1) Cause and effect may possess a connection, but not a necessary one.
2) This effect can come about by any other cause.
3) God causes two events side by side. This in particular is clearly compatible with Avicenna's understanding of causality, according to which spatiotemporal contiguity is the means by which a secondary cause leads to an effect.
4) God's creative powers follow an antecedent decision concerning what will happen.

Thus, Al-Ghazali is not quite a straightforward occasionalist, only suggesting at times in his 17th discussion in his Incoherence of the Philosophers that occasionalism may be a potential (though not a necessary) solution.

"It is important to understand that [he] does not deny the existence of a connection between a cause and its effect; rather he denies the necessary character of this connection. In the First Position of the 1th discussion [he] brings the argument that observation cannot prove causal connections.
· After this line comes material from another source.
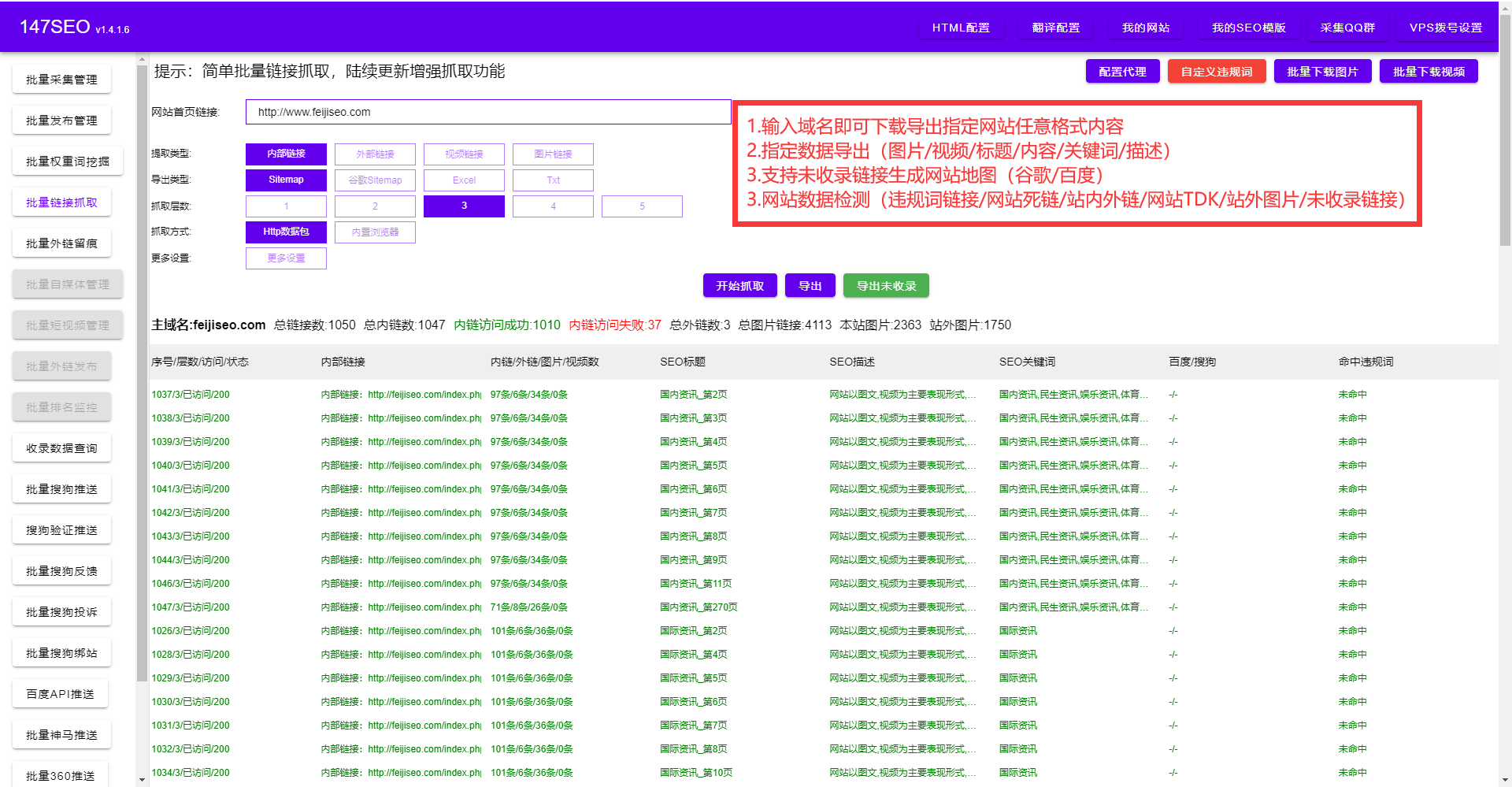 147SEO整站导出.png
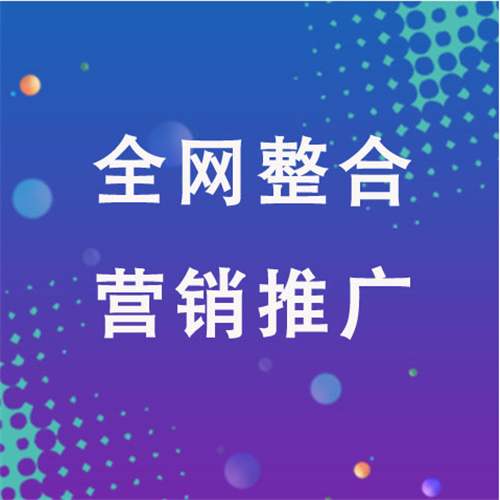 兴海企业网络推广老是没有客户的原因是什么呢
Observations can only conclude that the cause and its effect occur concomitantly"(Griffel, 2013).

Thus, while he accepts the possibility that in at least some cases an effect follows from a secondary cause, he disputes Avicenna's position that effects follow necessarily from secondary causes by virtue of what obtains necessarily in the relation between the cause and effect itself. He thus "attacks Avicenna's necessitarian ontology not his secondary causality. The dispute between [him] and Avicenna is not about causality as such, rather about the necessary nature of God's creation"(Griffel, 2013).

Indeed, if we are to understand the debate between Al-Ghazali and Avicenna, we must understand not merely differences in nomology, but in modality.

"Kukkonen (2000) and Dutton (2001) have shown that the two start with quite different assumptions about necessity. Avicenna's view of the modalities follows the statistical model of Aristotle and connects the possibility of a thing to its temporal actuality (Bäck 1992). A temporally unqualified sentence like, “Fire causes cotton to combust,” contains implicitly or explicitly a reference to the time of utterance as part of its meaning. If this sentence is true whenever uttered, it is necessarily true. If its truth-value can change in the course of time, it is possible. If such a sentence is false whenever uttered, it is impossible (Hintikka 1973, 63–72, 84–6, 103–5, 149–53). In Aristotelian modal theories, modal terms were taken to refer to the one and only historical world of ours. For Avicenna, fire necessarily causes cotton to combust because the sentence “Fire causes cotton to combust,” was, is, and will always be true"(Griffel, 2013).

Griffel, Frank, "Al-Ghazali", The Stanford Encyclopedia of Philosophy (Summer 2013 Edition), Edward N. Zalta (ed.), URL = <>.